Si Térence a excellé dans une certaine peinture de l’amour, c’est que l’amour, dans tous les temps, demeure le «cher souci», volontiers exclusif, de la jeunesse – un amour lié à la faiblesse qui est, à la fois, la vérité dernière de notre nature, et le secret de toute séduction; et aussi parce que l’Africain portait en lui déjà un peu de l’âme des troubadours médiévaux, d’un Musset et d’un Paul-Jean Toulet. Même si on ne peut guère parler de «familles d’écrivains», il existe tout de même, dans la durée et dans l’espace, des correspondances naturelles entre les écrivains.

Tradition et modernisme

Dans cette œuvre tout concourt à la louange de la femme. C’est, en effet, un théâtre que domine un esprit féminin, pour ne pas dire féministe, encore qu’on y trouve certaines annonces d’une évolution qui, très rapidement, va se manifester dans l’histoire de la sensibilité romaine, et dans le corps social. Sans aller trop loin, qu’on songe à ces petits drames intimes de l’amour-tendresse, qui commandent l’action dans le répertoire de Marivaux. Pourquoi ne serait-ce pas là le fruit d’une expérience directe? Térence s’intéresse aussi, en particulier dans Les Adelphes , au problème des rapports entre les enfants et leur famille, ainsi qu’à l’éducation. Plus généralement, il pose les impératifs sociaux et les valeurs éthiques à remettre en question au sein d’une société en notable partie conservatrice et attachée à ses idoles. Cela devait certainement faire l’objet de maints propos entre jeunes gens: tradition et modernisme. Sans aller jusqu’à dire que la comédie de Térence traduit une profession de «disponibilité» humaniste, on ne saurait douter qu’il éprouve, en son for intérieur, quelque penchant pour la seconde solution ou, tout au moins, pour un «juste milieu» entre les deux formules en présence. C’est l’attitude d’un Panaitios, en philosophie, ou celle de Scipion, en politique, vers la fin de sa vie. En bref, le théâtre de l’Africain se présente, sur le plan de l’esprit ainsi que sur celui de l’art, comme une révélation assez comparable à celle des productions de Corneille dans le théâtre français. Comment nous apparaît-il avec le recul des siècles? Ni tout à fait sérieux ni franchement comique, le rire n’y figurant qu’à titre de diversion, pour faire passer les idées, doser, mettre en valeur et tempérer l’émotion; ni tout à fait grec ni tout à fait latin, mais plutôt portant la marque d’une génération ou d’un moment de la vie; un peu désincarné, sans doute, mais, dans la mesure où il s’arrache aux contingences du temps, bravant le goût commun, les exigences du parterre et le conformisme des auteurs concurrents – crânement engagé sur le chemin de la conquête humaniste. On a quelquefois tenu que l’Africain était une anomalie dans l’histoire des lettres latines. Pour le grand public de son époque, à coup sûr; aujourd’hui, pour les critiques soucieux avant tout de bien ordonner leurs étiquettes. Mais pour qui cherche dans ses pièces autre chose qu’un divertissement, elles brillent comme un chaînon précieux dans le fil continu de la sensibilité occidentale.

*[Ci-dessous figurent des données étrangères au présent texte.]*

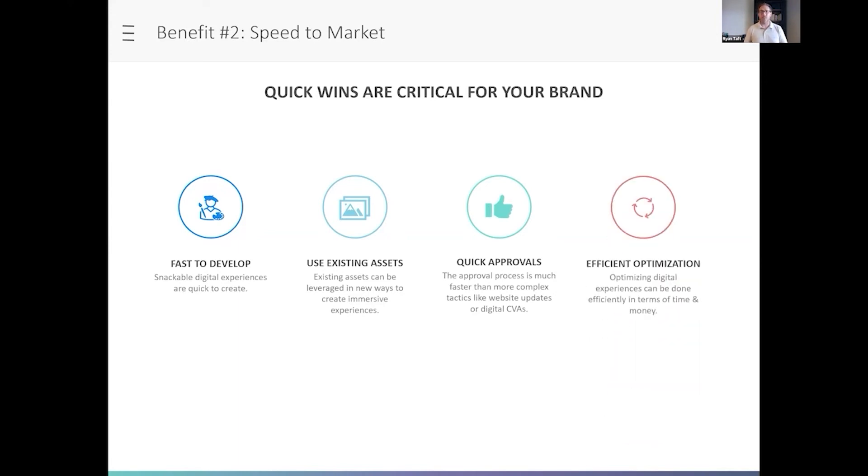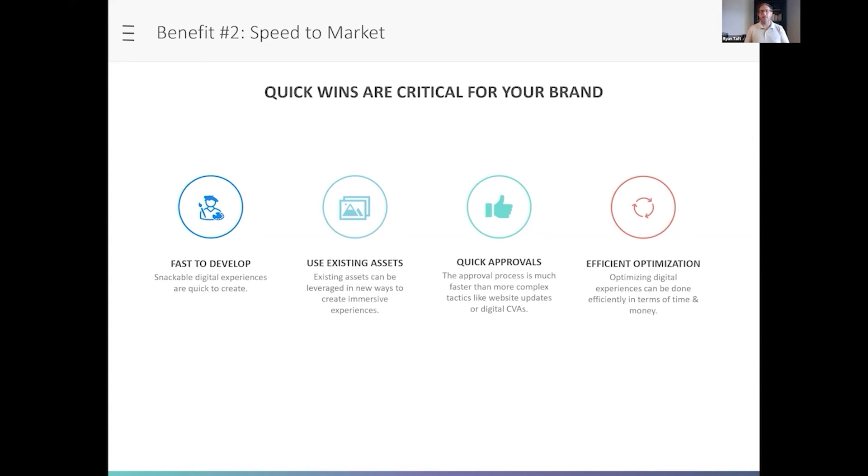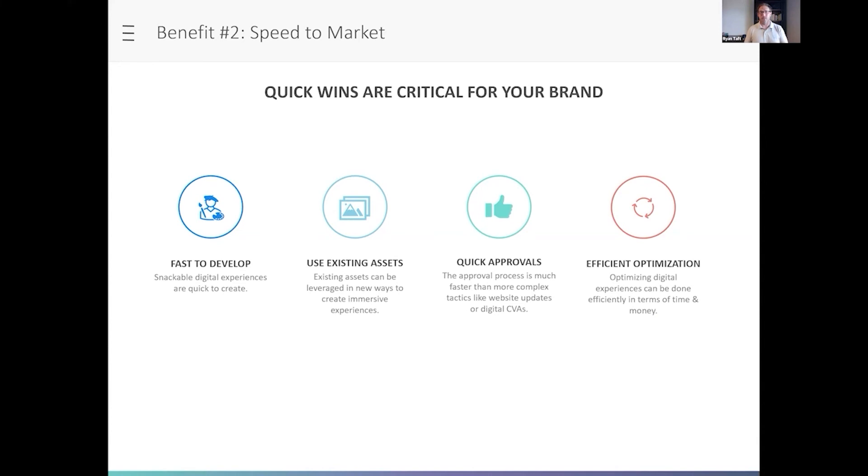And then ultimately, you'll be able to optimize that content much more quickly. So the best digital experiences, the platforms that provide those, provide analytics so that you can understand what's working and what's not. Then you can leverage those insights to optimize that content over time. And the optimizations that you make to these snackable digital experiences are going to cost you less in terms of time and money than if you were to make them to other tactics that we're used to that are a little heavier.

Les illustrations des manuscrits

Les illustrations des manuscrits de Térence sont relativement tardives: les commentateurs s’accordent, en effet, à les situer entre la fin du IIIe et la seconde moitié du IVe siècle. Selon certains, ces images seraient inspirées par la lecture du texte plus que par la représentation de celui-ci. Pourtant, il n’est pas interdit de s’interroger sur leur valeur documentaire, si l’on songe, notamment, que l’illustration a pu, en partie au moins, tirer profit de quelques reprises des comédies. De toute manière, ce qui frappe d’abord, du point de vue du geste et de la mimique, c’est la vive agitation que traduisent ces images, rappelant, par le caractère des postures, les documents iconographiques de la comédie italienne. C’est aussi le retour de quelques attitudes, où l’on peut soupçonner la trace d’une tradition mimique. Ces attitudes sont notées, et, pour ainsi dire, stylisées avec une outrance dans l’expression, qui répond tout à fait à celle que laissent deviner certaines indications tirées des comédies; et surtout l’importance donnée au jeu des mains, qui fera plus tard la célébrité des mimes, et qui provoquera l’admiration de Quintilien, dans son traité sur L’Institution oratoire .

Térence
(en lat. Publius Terentius Afer) (v. 190 - 159 av. J.-C.) poète comique latin. Esclave du sénateur Terentius Lucanus, qui l'affranchit. Six de ses comédies (de 166 à 160 av. J.-C.) nous sont parvenues, notam. l'Eunuque; Molière s'inspira de Phormion et des Adelphes (dans les Fourberies de Scapin et l'école des maris).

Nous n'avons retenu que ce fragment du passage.